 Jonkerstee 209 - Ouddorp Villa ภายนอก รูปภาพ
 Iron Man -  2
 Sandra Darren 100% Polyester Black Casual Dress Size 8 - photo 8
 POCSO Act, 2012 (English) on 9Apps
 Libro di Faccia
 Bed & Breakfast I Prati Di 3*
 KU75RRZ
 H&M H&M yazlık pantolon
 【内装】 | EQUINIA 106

========

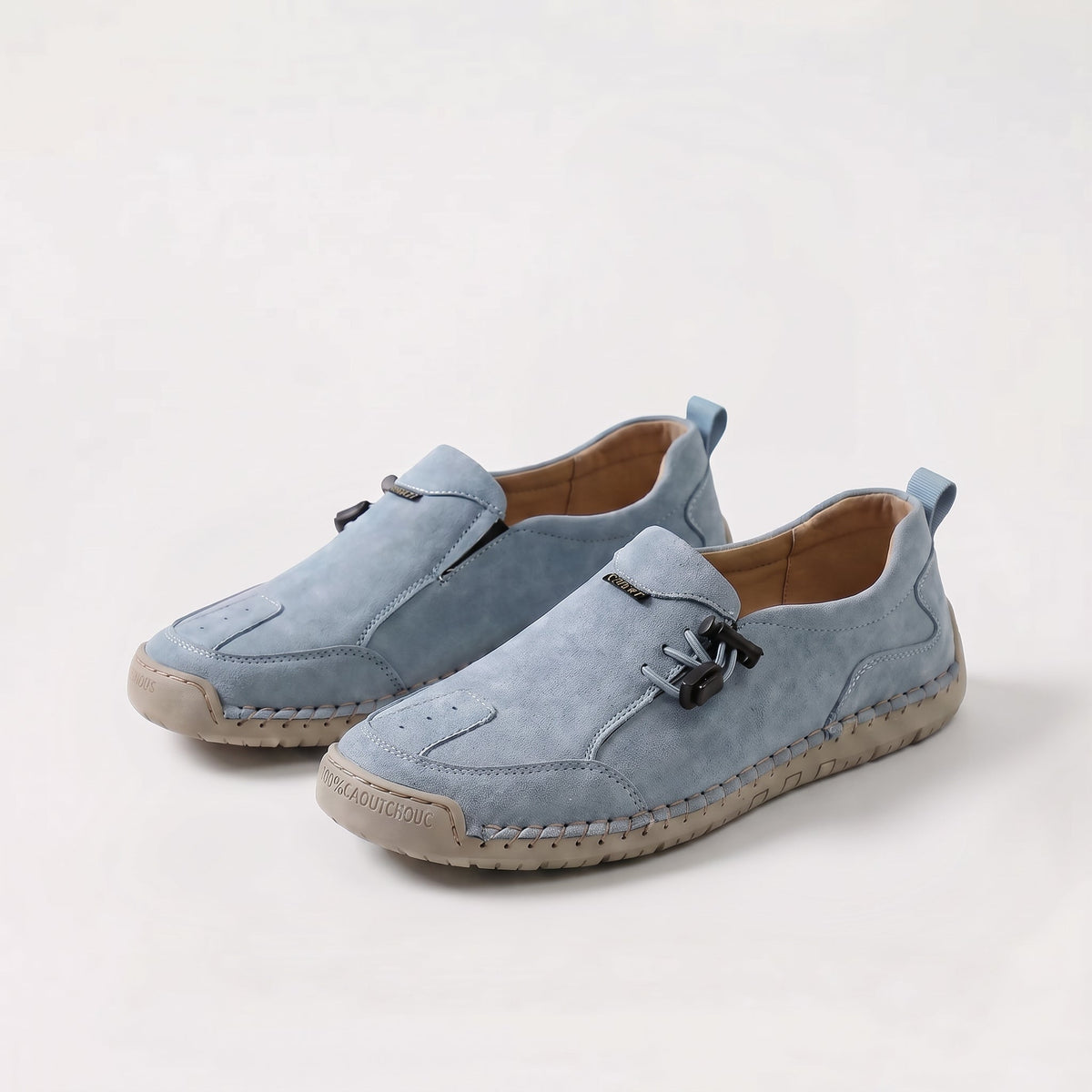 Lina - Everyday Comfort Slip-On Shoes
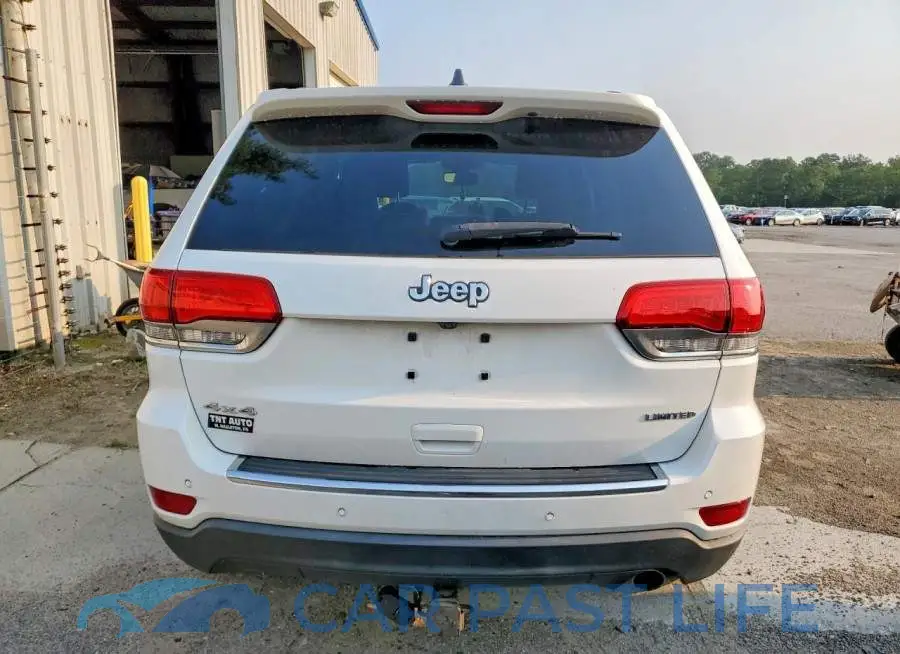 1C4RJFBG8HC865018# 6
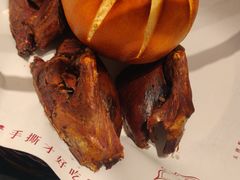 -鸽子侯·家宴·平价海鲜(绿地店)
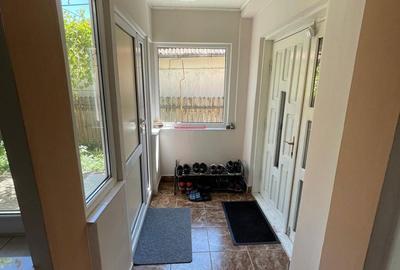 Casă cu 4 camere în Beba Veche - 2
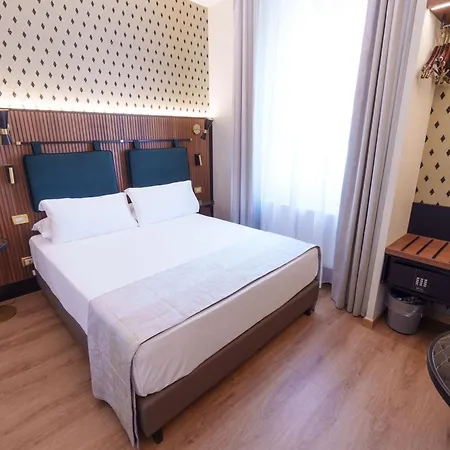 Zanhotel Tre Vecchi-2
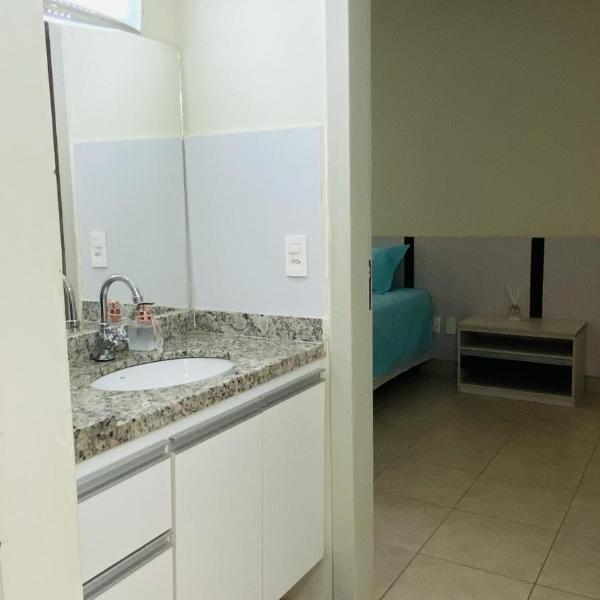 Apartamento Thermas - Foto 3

========

What you should do:
In the records above, find the line with "1C4RJFBG8HC865018# 6" and the line with "Apartamento Thermas - Foto 3", then restate word for word only those two lines and all lines between, omitting pictures.

Completed exercise:
 1C4RJFBG8HC865018# 6
 -鸽子侯·家宴·平价海鲜(绿地店)
 Casă cu 4 camere în Beba Veche - 2
 Zanhotel Tre Vecchi-2
 Apartamento Thermas - Foto 3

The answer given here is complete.